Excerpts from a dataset
───

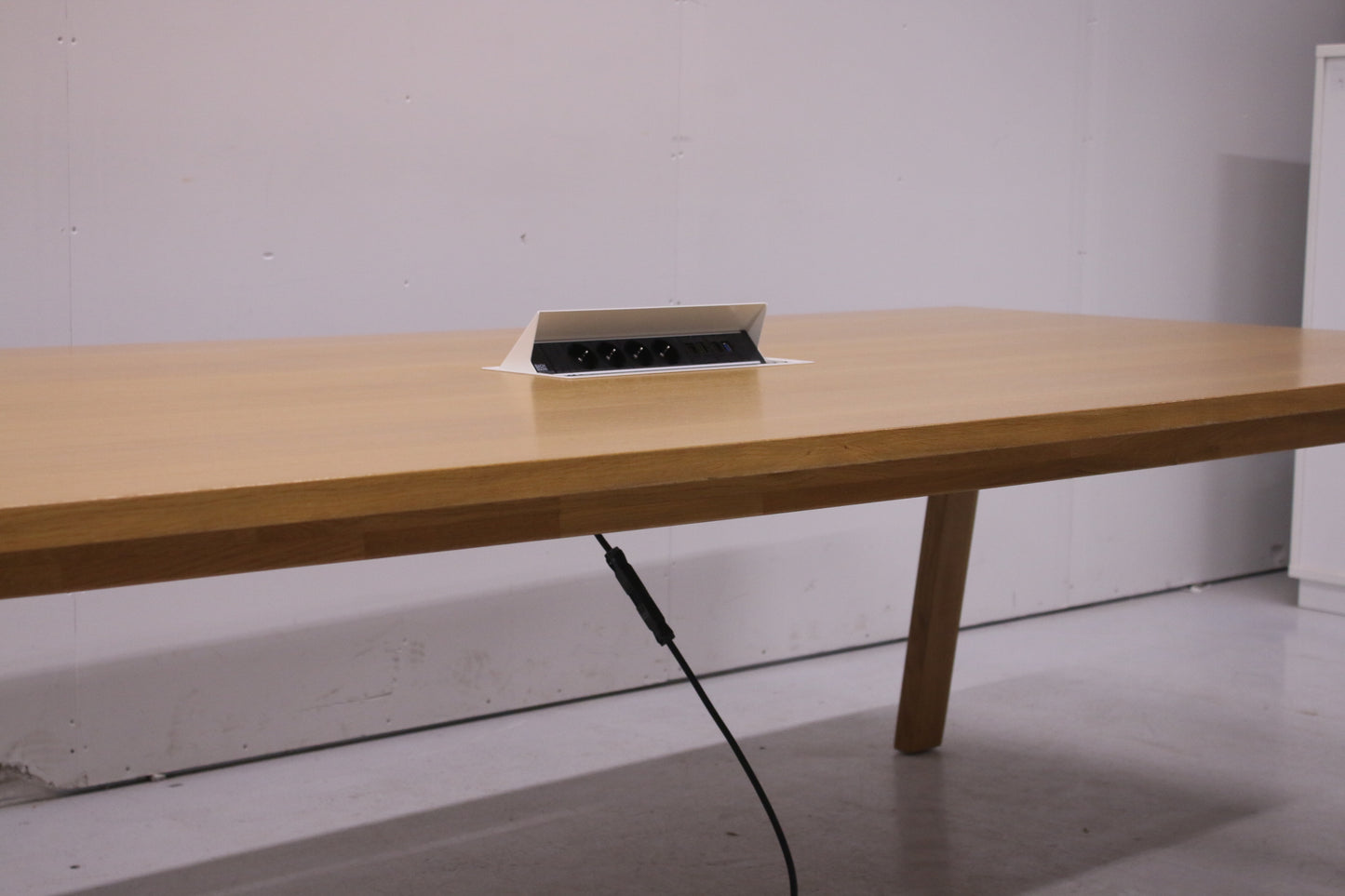 Upea tamminen neuvottelupöytä 266x120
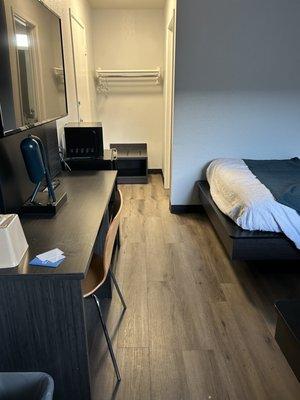 Picture of the room from the door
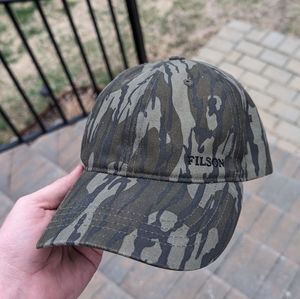 Filson Mossy Oak Bottomland Tin Cloth Hat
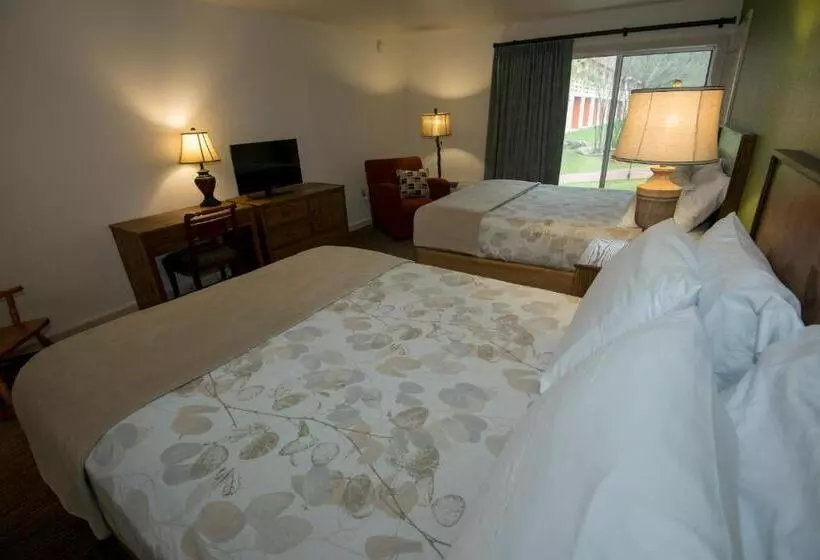 インサイドデラックスルーム, Brown County Inn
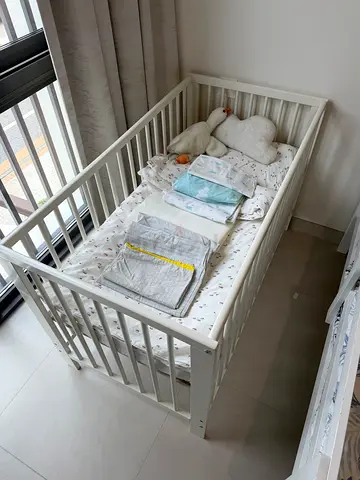 Baby crib ikea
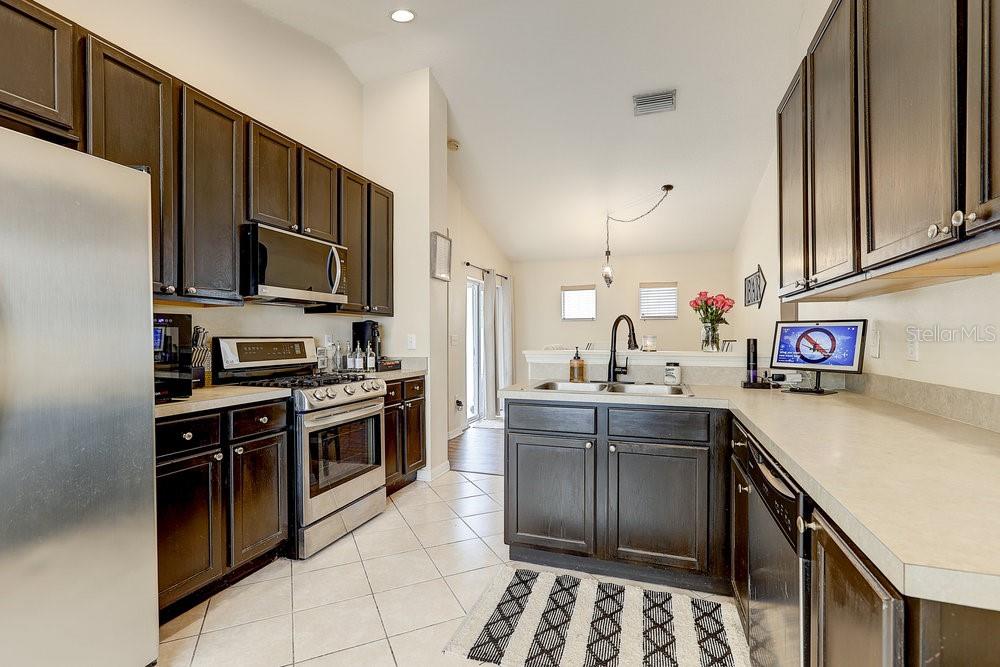 Image 4 of 34 For 8335 Crescent Moon Drive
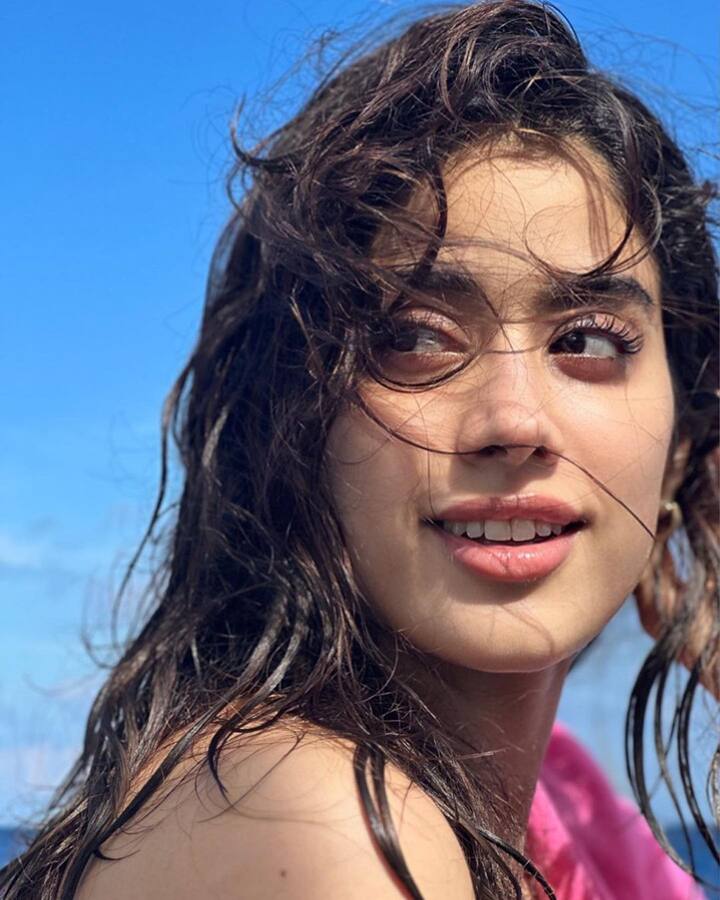 హిందీ సినీ పరిశ్రమలో  తనకంటూ ఓ గుర్తింపు తెచ్చుకుంది.Photo Credit: Janhvi Kapoor/Instagram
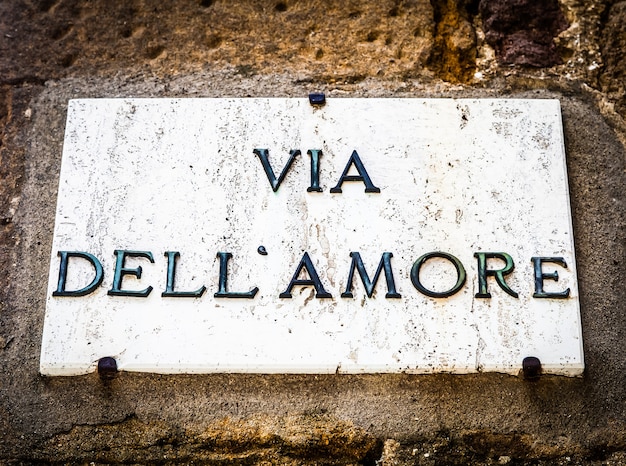 Italia - ciudad de Pienza. El letrero de la calle Via dell'amore (Love Street)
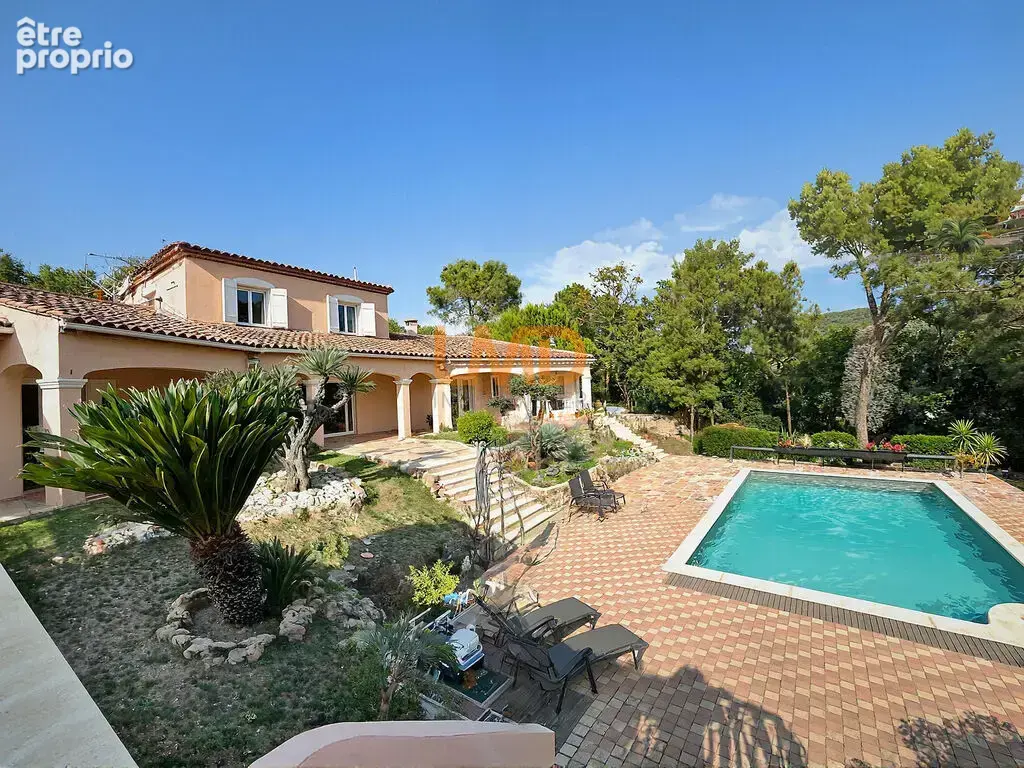 Draguignan – Grande propriété au calme avec piscine et 4 000 m² - photo 2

───

| Problem |
Reproduce the lines from the line with "Picture of the room from the door" through the last line of the entries exactly, including both ends and excluding pictures.

| Response to this exercise |
 Picture of the room from the door
 Filson Mossy Oak Bottomland Tin Cloth Hat
 インサイドデラックスルーム, Brown County Inn
 Baby crib ikea
 Image 4 of 34 For 8335 Crescent Moon Drive
 హిందీ సినీ పరిశ్రమలో  తనకంటూ ఓ గుర్తింపు తెచ్చుకుంది.Photo Credit: Janhvi Kapoor/Instagram
 Italia - ciudad de Pienza. El letrero de la calle Via dell'amore (Love Street)
 Draguignan – Grande propriété au calme avec piscine et 4 000 m² - photo 2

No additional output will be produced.